(WHAT IS EXPECTED): Go to the line with "J2 Home Stay" in the records below, then output it and each following line exactly, up to and including the line with "635 Highbury PARK - 3". Skip pictures and add nothing.

(RECORDS):
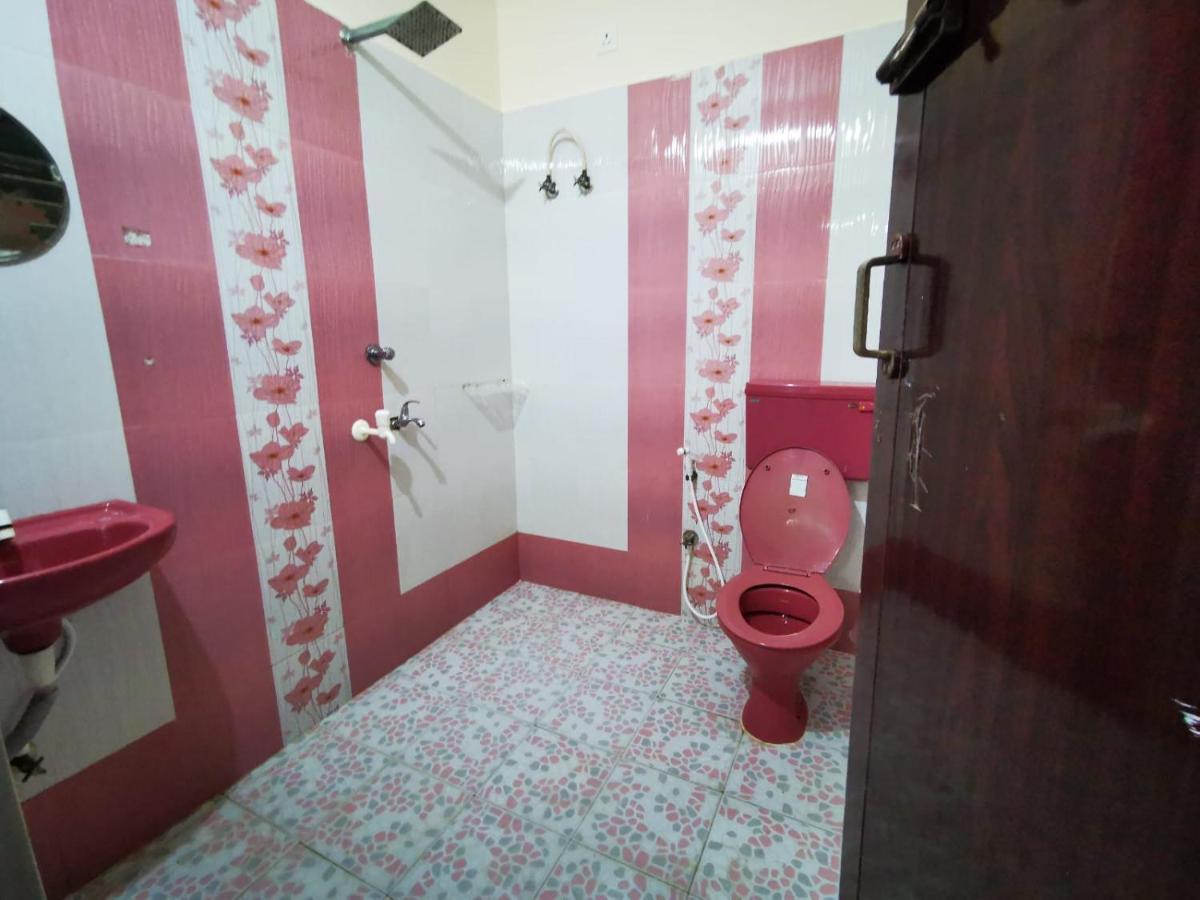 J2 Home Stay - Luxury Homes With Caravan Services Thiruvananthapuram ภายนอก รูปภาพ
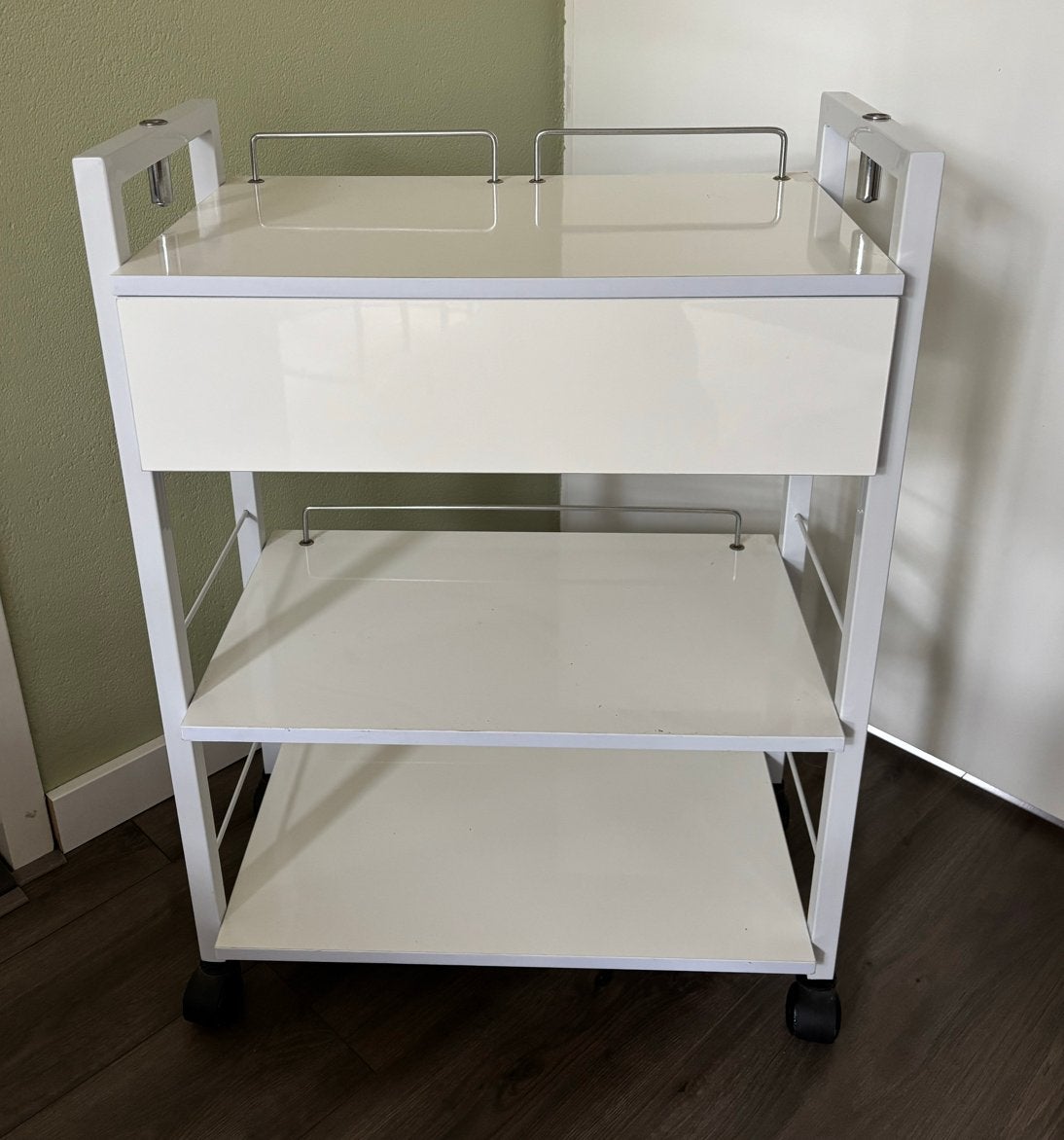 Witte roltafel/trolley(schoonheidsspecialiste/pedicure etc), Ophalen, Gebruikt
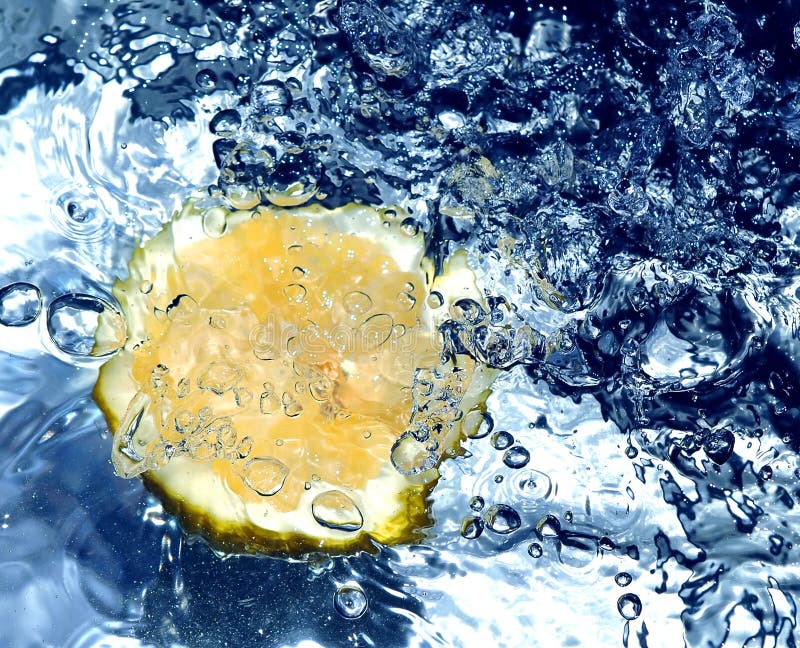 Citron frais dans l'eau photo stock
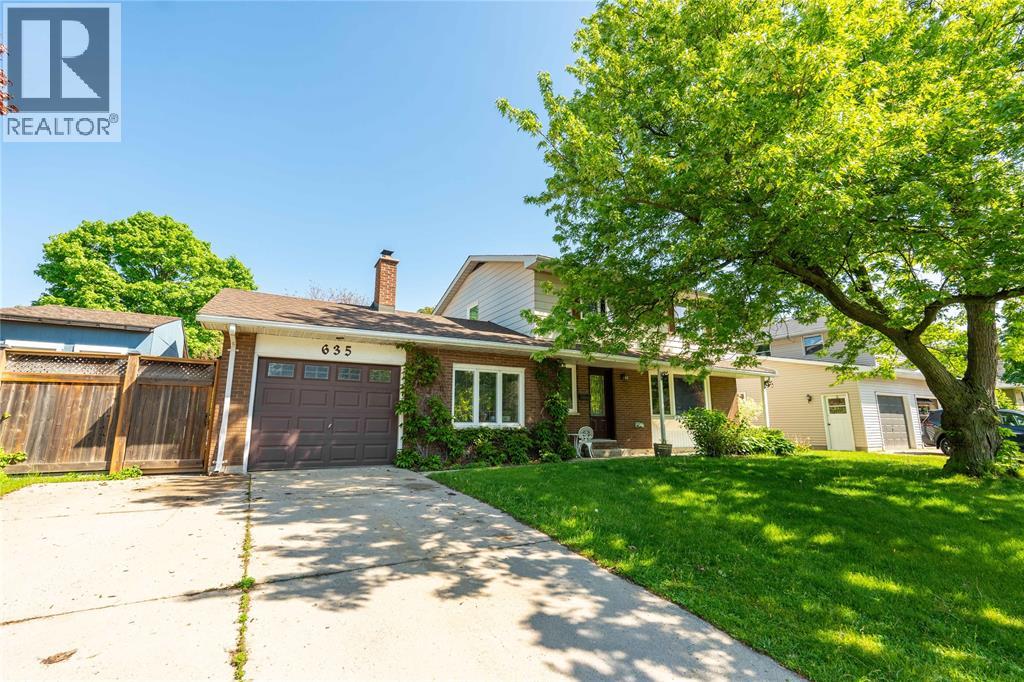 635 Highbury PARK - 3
---
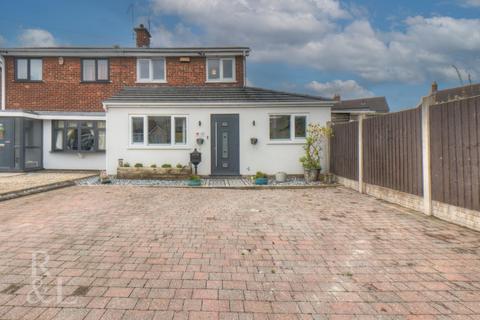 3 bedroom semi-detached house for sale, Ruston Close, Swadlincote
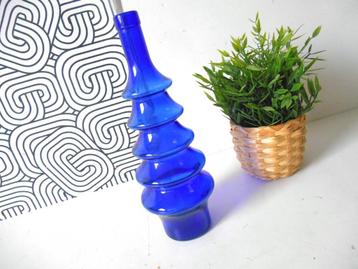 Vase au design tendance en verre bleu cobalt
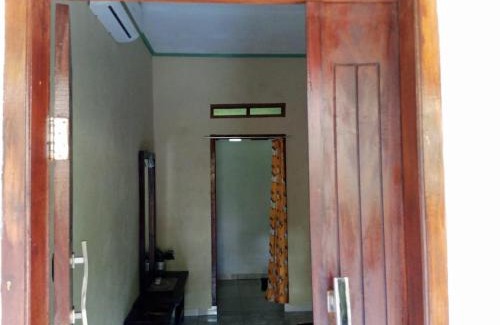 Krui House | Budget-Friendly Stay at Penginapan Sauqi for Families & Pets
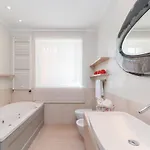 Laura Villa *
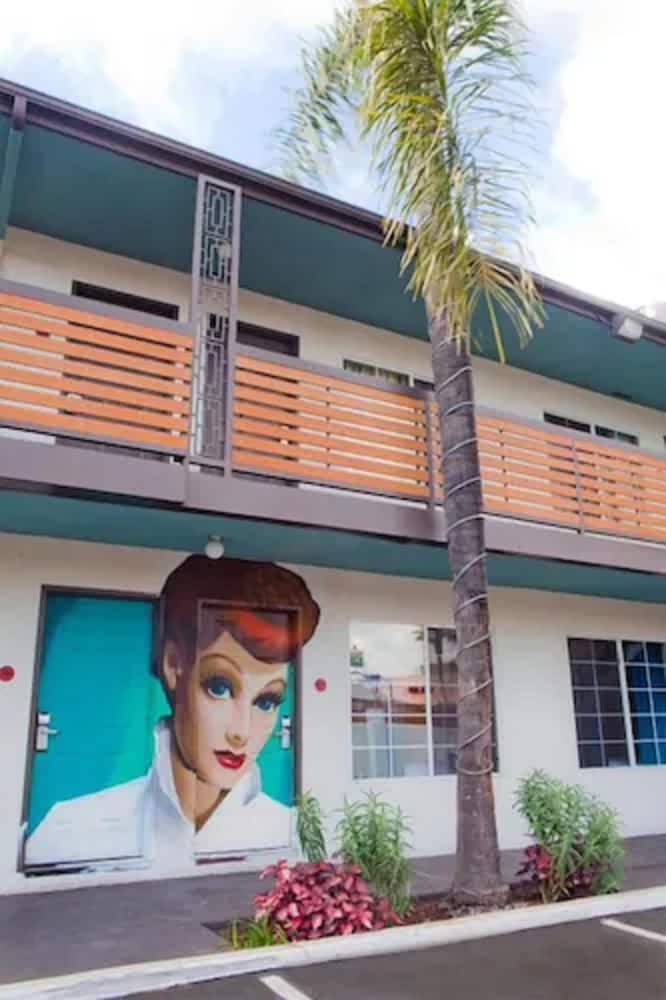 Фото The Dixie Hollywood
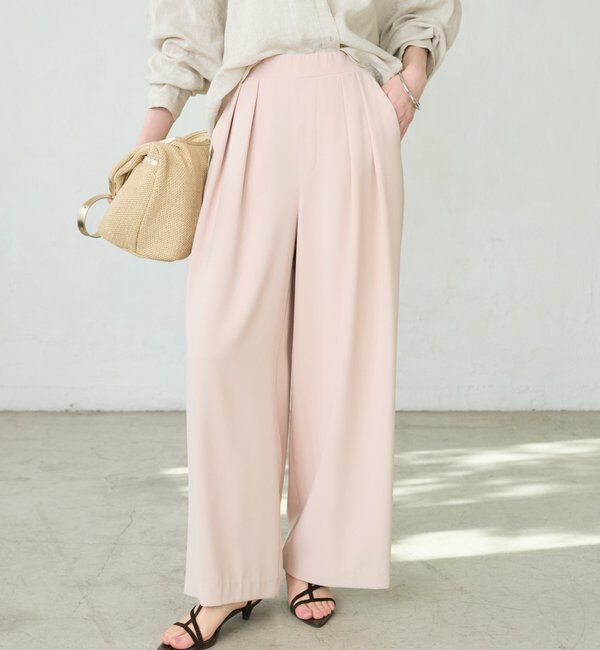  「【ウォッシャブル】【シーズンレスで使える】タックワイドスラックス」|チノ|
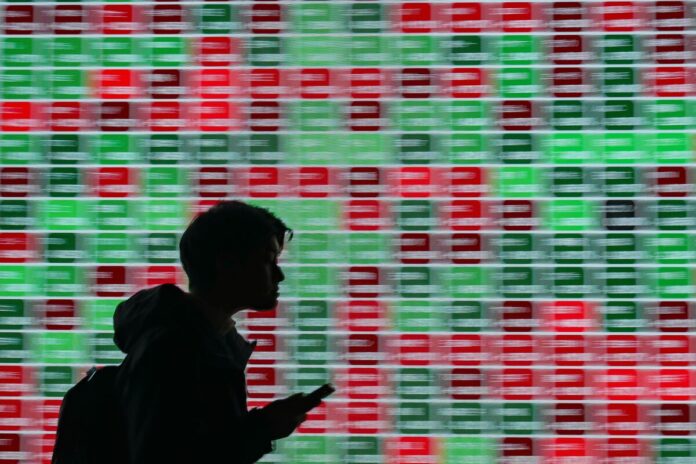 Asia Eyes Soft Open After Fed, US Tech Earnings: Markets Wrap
---
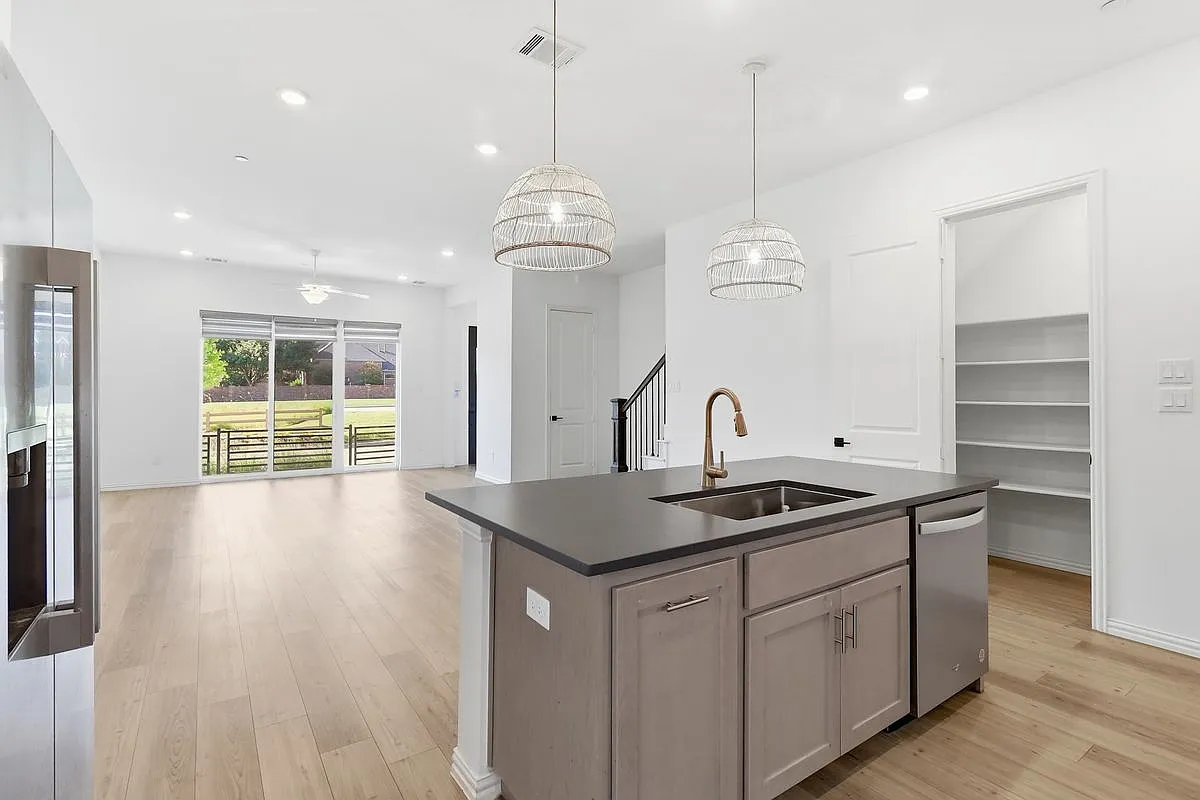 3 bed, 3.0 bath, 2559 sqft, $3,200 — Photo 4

(EXPECTED ANSWER):
 J2 Home Stay - Luxury Homes With Caravan Services Thiruvananthapuram ภายนอก รูปภาพ
 Witte roltafel/trolley(schoonheidsspecialiste/pedicure etc), Ophalen, Gebruikt
 Citron frais dans l'eau photo stock
 635 Highbury PARK - 3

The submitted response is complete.